To make this concrete, changes in:

  • .spark, .css, .js, or .cshtml files will trigger a refresh of the browser
  • web.config, .dll, or .exe files will cause a full recycling of the AppDomain
  • other *.config file changes will trigger an application recycle

 

Automatically Refreshing the Browser with WebSockets

The last piece of the puzzle is how we’re able to refresh the browser when the server content changes. In the currently released version of the fubu.exe tool I tried to use WebDriver to launch the browser in such a way that it would be easy to control the browser from fubu run without any impact on the html markup and the application itself. Let’s just say that didn’t work very well at all because of how easily WebDriver gets out of sync with rapid browser updates in real life.

For the FubuMVC 2.0 work, I went down a different path and used web sockets to send messages from the original fubu run process directly to the browser. My immediate and obvious goal was to pull this off without forcing any changes whatsoever onto the application’s HTML markup to support the auto-reloading. Instead, I used this work as an opportunity to revamp FubuMVC’s support for using OWIN middleware to use a new bit of custom middleware to squirt in a little bit of HTML markup into an HTML page’s <head> element after FubuMVC had rendered a page, but before the content is sent to the browser. While I’ll leave a discussion for how and why FubuMVC exposes OWIN middleware configuration much differently than other .Net frameworks for another day, it’s good enough to know that FubuMVC is only adding the auto-reloading content when the application detects that it is running inside of fubu run –watched.

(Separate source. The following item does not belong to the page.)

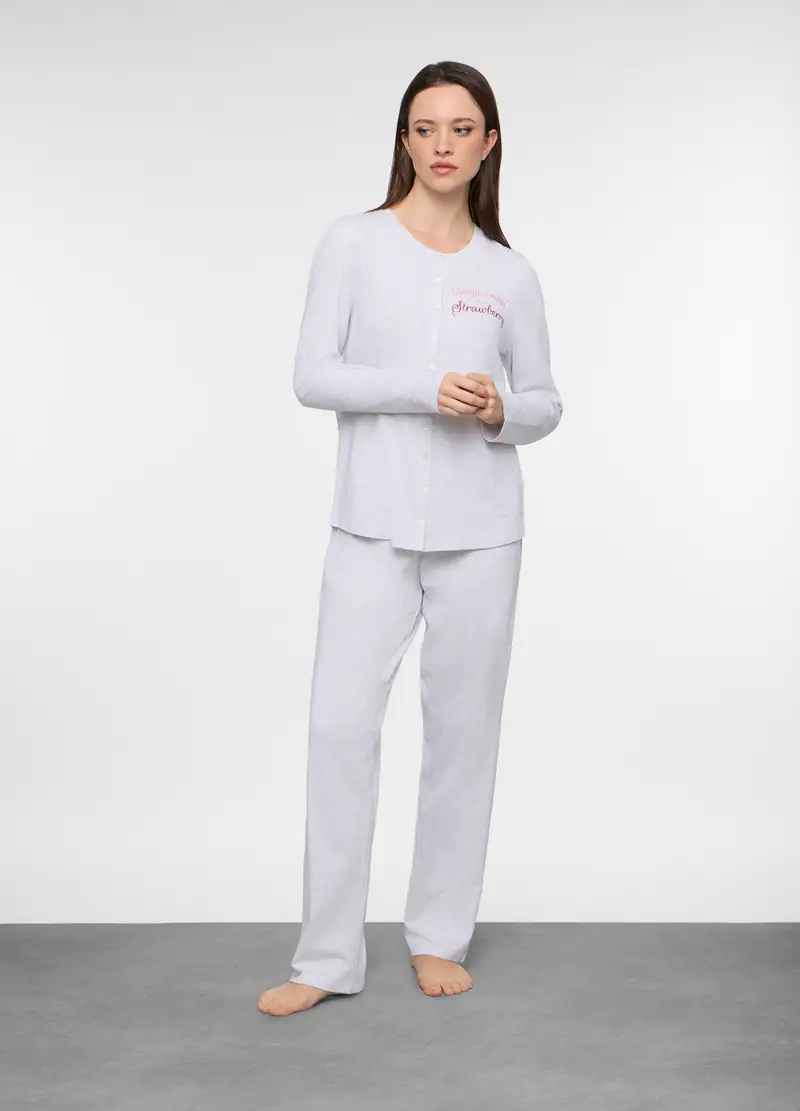 Upim Set Pigiama Lungo In Jersey Di Puro Cotone Donna, Grigio chiaro melange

On the client side, we just inject this wee bit of javascript code to listen at a supplied web sockets address (%WEB_SOCKET_ADDRESS%) for a message telling the page to refresh:

        var start = function () {
            var wsImpl = window.WebSocket || window.MozWebSocket;

            // create a new websocket and connect
            window.ws = new wsImpl('ws://localhost:%WEB_SOCKET_ADDRESS%');

            // when data is comming from the server, this metod is called
            ws.onmessage = function (evt) {
                location.reload();
            };

        }

	window.addEventListener('load', function(e){
	  start();
	});

Inside the fubu run process I used the lightweight Fleck library to run a web sockets server used to send messages to the browser. The code that uses Fleck is in the BrowserDriver class.

 

Roslyn for the Next Level of Awesomeness…

…or really just achieving parity with other web development platforms that already have a great auto-reload capability.

At this point, fubu run does not try to do the compilation for you based on file changes to *.cs files. I’m still not sure if I think that’s a good idea to do later or not. I’m perfectly okay with the “make changes, hit CTRL-SHIFT-B” workflow triggering a re-compilation which then in turn triggers fubu run to recycle the AppDomain and reload the application. Several folks have kicked around the idea of using the new, much faster Roslyn compiler behind the scenes to do the compilation and try to achieve a more rapid feedback cycle like you’d expect from a Node.js based solution. I think this would be a lot more appealing to me personally as my teams at work continue to break away from using Visual Studio.Net in favor of lightweight editors like Sublime.

 

Getting the Edge Nugets and Fubu.Exe

The edge nugets for FubuMVC 2 are on MyGet at https://www.myget.org/feed/Packages/fubumvc-edge. The fubu.exe gem can be manually downloaded from the artifacts of our TeamCity CI build.

 

 

* In an earlier post I discussed why we used Ruby Gems to distribute .Net executables instead of using Nuget. Long story short, Nuget by itself isn’t all that great for command line tools and Chocolately isn’t cross platform like Gems.